The synthesis proposed by the urban regimes approach takes into consideration, firstly, that in a capitalist economy there is always a strong possibility that there will be a “systemic bias” in urban politics favouring economic interests. That has always been the case in the United States, where towns collect their main fiscal revenues from the presence of companies. It is also increasingly the case in French towns where, although the resources distributed by the state or from social redistribution systems play a greater part in the local economy, it is nevertheless true that the elected officials have their eyes fixed on the departures and the arrivals of companies. These pressures exerted on urban government in a capitalist regime lead to, according to these authors, the constitution of government coalitions, “urban regimes”, bonding government institutions and certain major economic interests in a lasting relationship. Furthermore, the regimes theory is more interested in the nature of the relationships linking the actors involved, and draws conclusions close to those of the pluralists. The systems of urban actors of American towns are characterized by a high level of complexity, fragmentation, and interdependence amongst actors and by the dispersion of resources. The central challenge of urban governance — it is no longer time for the elected entities to decide unilaterally, but to “introduce enough cooperation between the various elements that constitute the community in order to actually make things happen” (Stone, 1989, p. 227). Thus, the situations that pluralism entails render futile the resort to hierarchical leadership as a coordination mode. Cooperation comes instead from the capacity of elected officials and their administration to interest actors in their urban policies. This capacity comes from the stabilisation of governance arrangements, from the relations of trust and reciprocity between autonomous and interdependent actors. The relations are self perpetuating thanks to modes of action and interaction that do not question the autonomy of actors. Little by little, the stabilisation of these trusting relationships generates a capacity to cooperate and act collectively. The regime becomes the matrix for the city’s capacity for collective action. Identified as such by coalition members, the regime becomes an asset worthy of being protected by each participant.
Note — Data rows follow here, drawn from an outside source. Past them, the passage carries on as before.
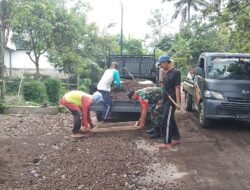Babinsa Tlogosari Dan Masyarakat Bergotong Royong Perbaiki Jalan Rusak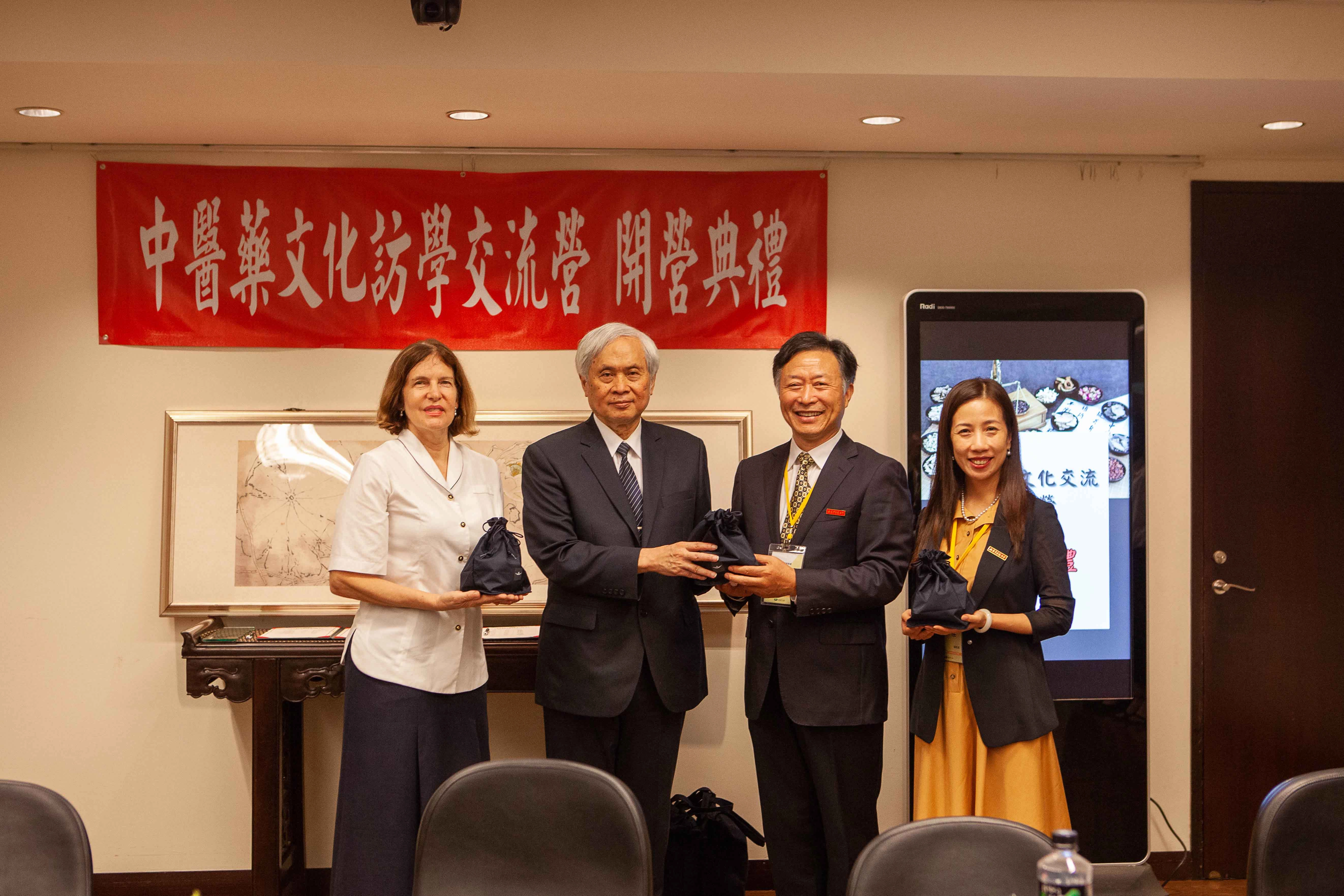 「環保餐具」是學校貼心為南京中醫藥大學師生準備了小禮物，也讓他們感受到環保真的要從自身做起。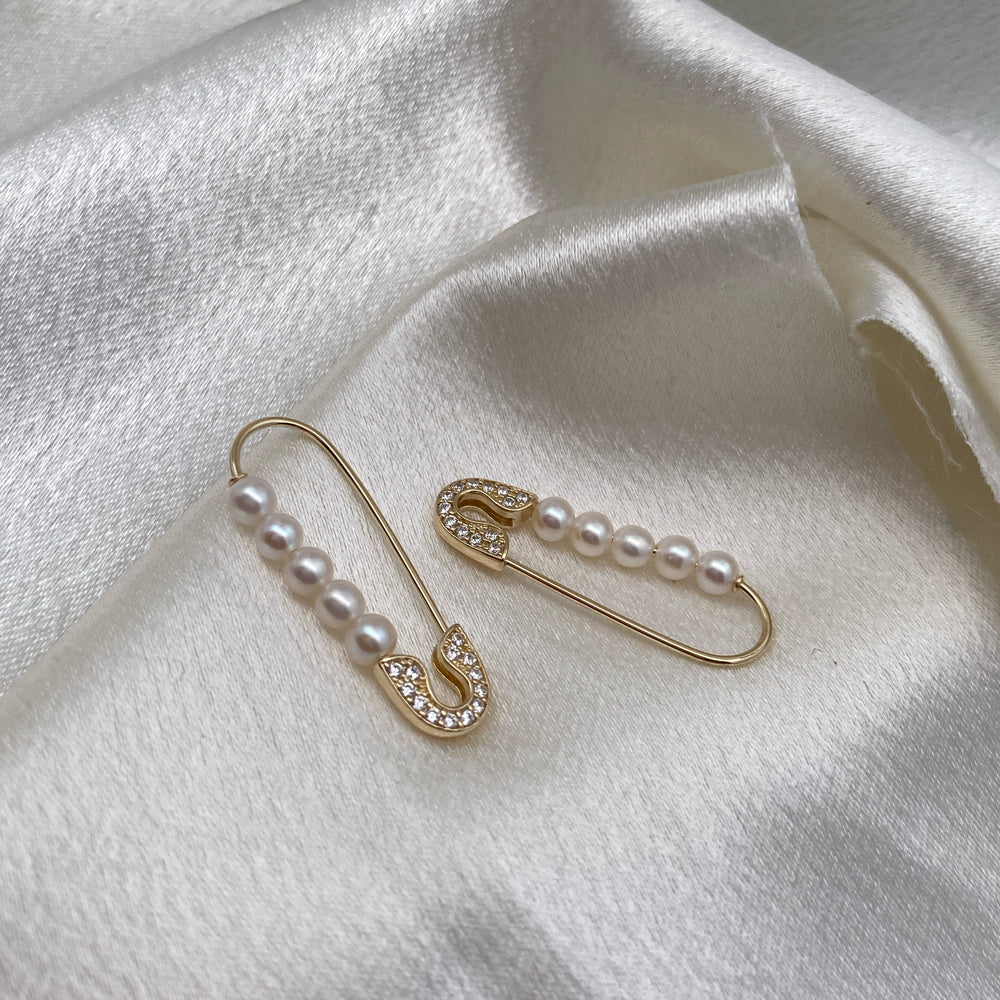 9ct Gold Baby Pin with Pearls & Cubic Zirconia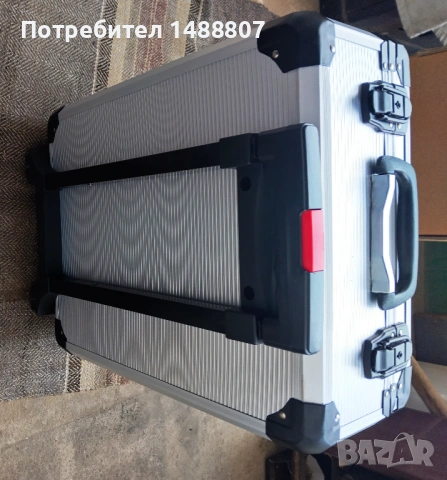 професионален комплект инструменти в куфар, снимка 2 - Куфари с инструменти - 54023522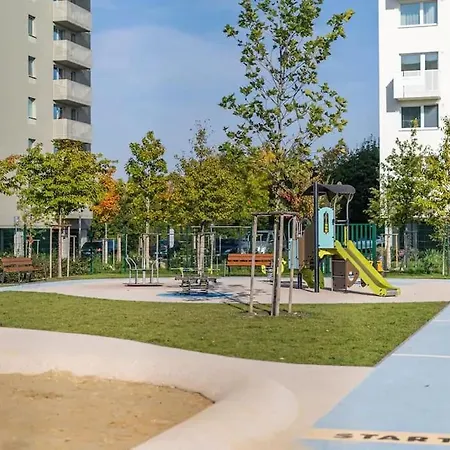 New 2 Bedroom By The Airport - Free Parking * 브라티슬라바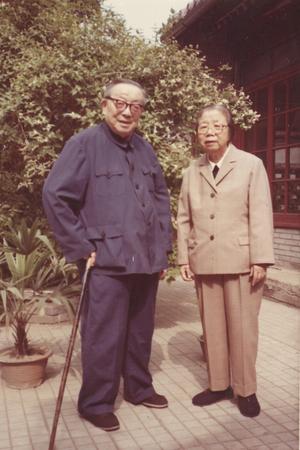 6--1983年5月，鄧穎超同志到許德珩先生家看望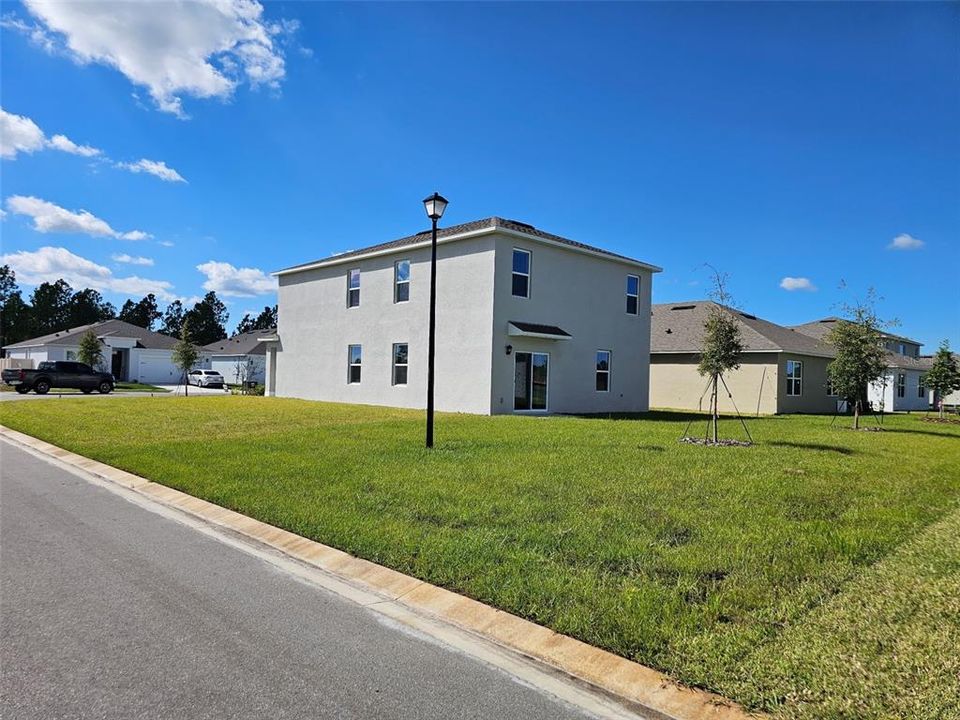 Active With Contract: $382,990 (5 beds, 3 baths, 2447 Square Feet)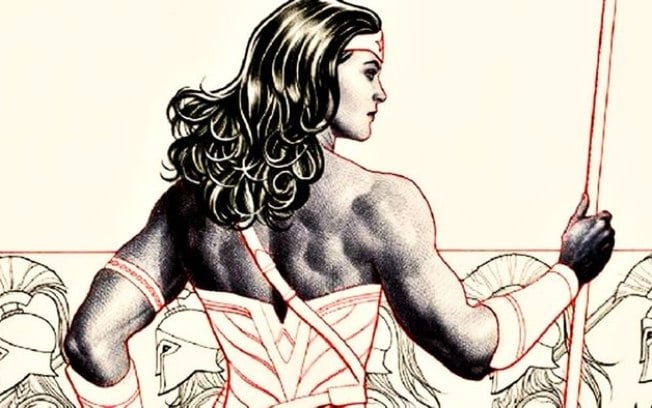 Mulher-Maravilha já foi proibida de usar traje assanhado por editor da DC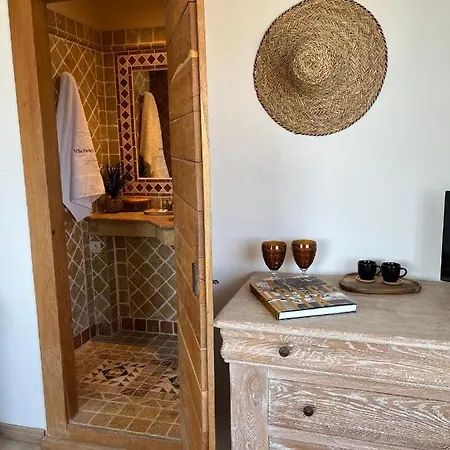 Hotel Paradis *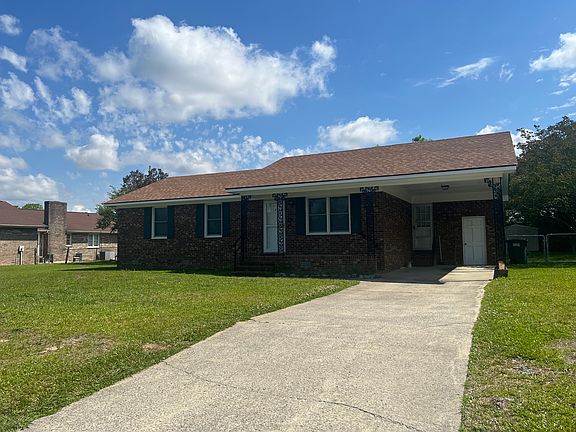 3rd image of 3815 Robin Rd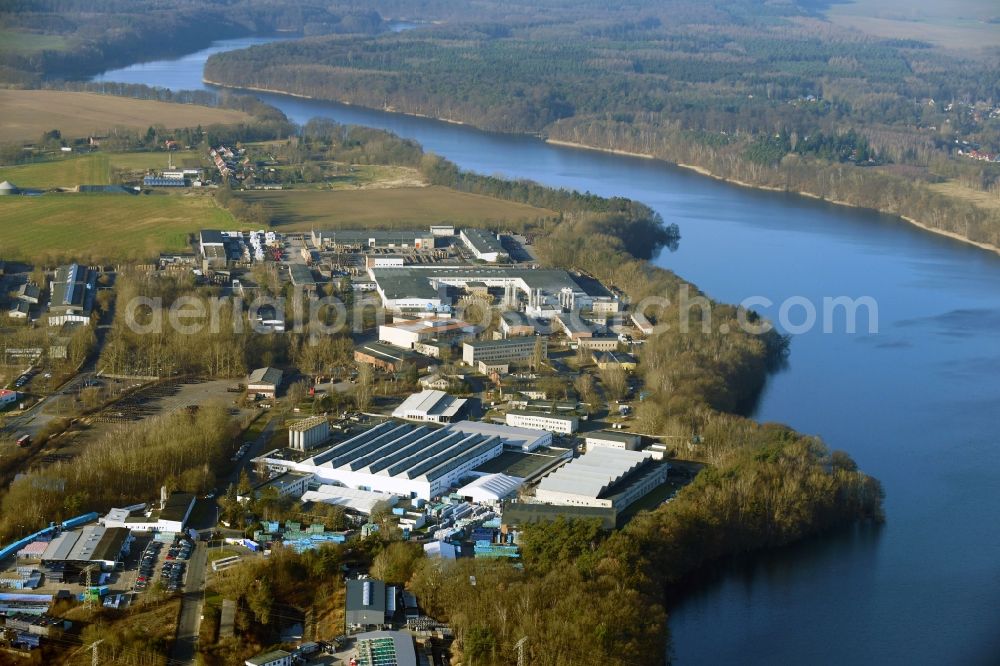Schwerin from above - Buildings and production halls on the site of the mechanical engineering company of SES factoryzeugbau Schwerin GmbH on den Sacktonnen in Schwerin in the state Mecklenburg - Western Pomerania, Germany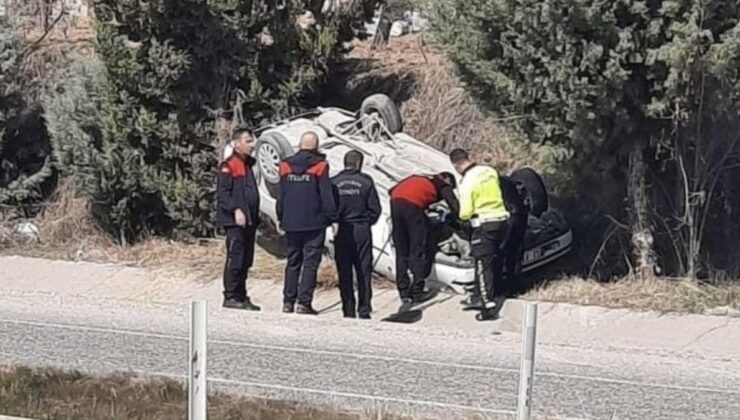 Adıyaman’da otomobil takla atarak şarampole yuvarlandı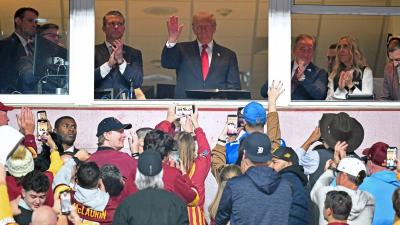 بالفيديو... ترامب يكسر تقليدا رئاسيا عمره 50 عاما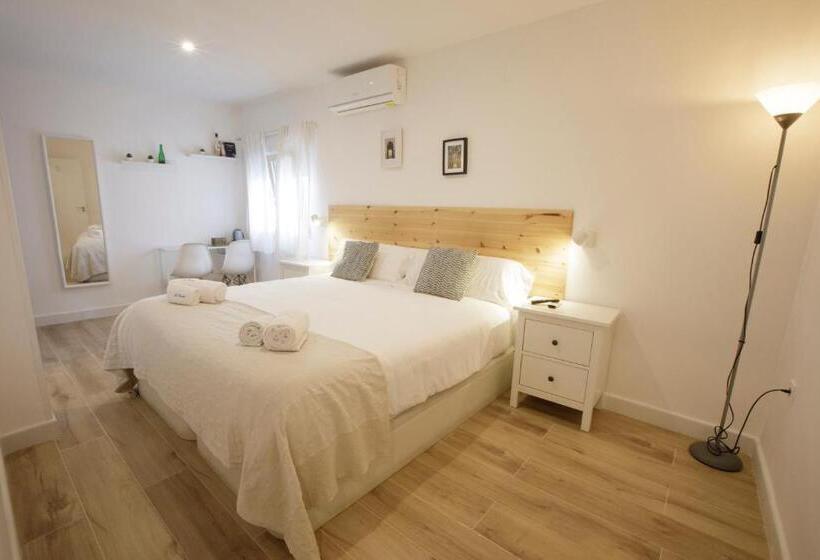 اتاق سوپریور با تخت بزرگ, La Trinidad Córdoba   Great Location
Finally, the picture drawn by the theory of urban regimes seems to be able to describe, with some subtle and occasional differences, the situation of French cities and their modes of governance. These towns are subject, more than previously, to the transformations of capitalism and are less protected by the state’s umbrella and by Keynesian policies. The challenges of economic development, competitiveness, and attractiveness have become central issues. Urban elites are required to define a position in territorial competition, whereas the state provides almost no expertise or important guidelines on the subject. Therefore, projects are defined locally. On the other hand, the growing dependence with regard to private investment makes the urban elites ever more attentive to economic actors, which means that, even when they are not physically present in French urban regimes, their supposed interests are broadly taken into consideration. As urban societies are increasingly required to build up their own projects, they simultaneously become more polycentric and pluralist. As the actors representing the state began to take a back seat, urban actors systems became occupied by an increasing number of local groups and organisations. As the links with the centre lose their strategic character, the most evident challenge of urban governance becomes that of making the pluralism of urban actor systems prosper, of making it compatible with the constitution of a capacity for action. The challenges involved in mobilisation, coordination, the building of stable coalitions, and the constitution of the town as a collective actor have become central issues. Innovation in terms of tools for urban public actions (associations, contracts, projects, pacts, charters), the emphasis on the major mobilising initiatives (large urban projects, strategic planning, major events, etc.) (Pinson, 2002) are all relevant elements revealing the importance taken on by the densification and management of horizontal relations in urban governance.

 

Conclusion: Southern European urban regimes?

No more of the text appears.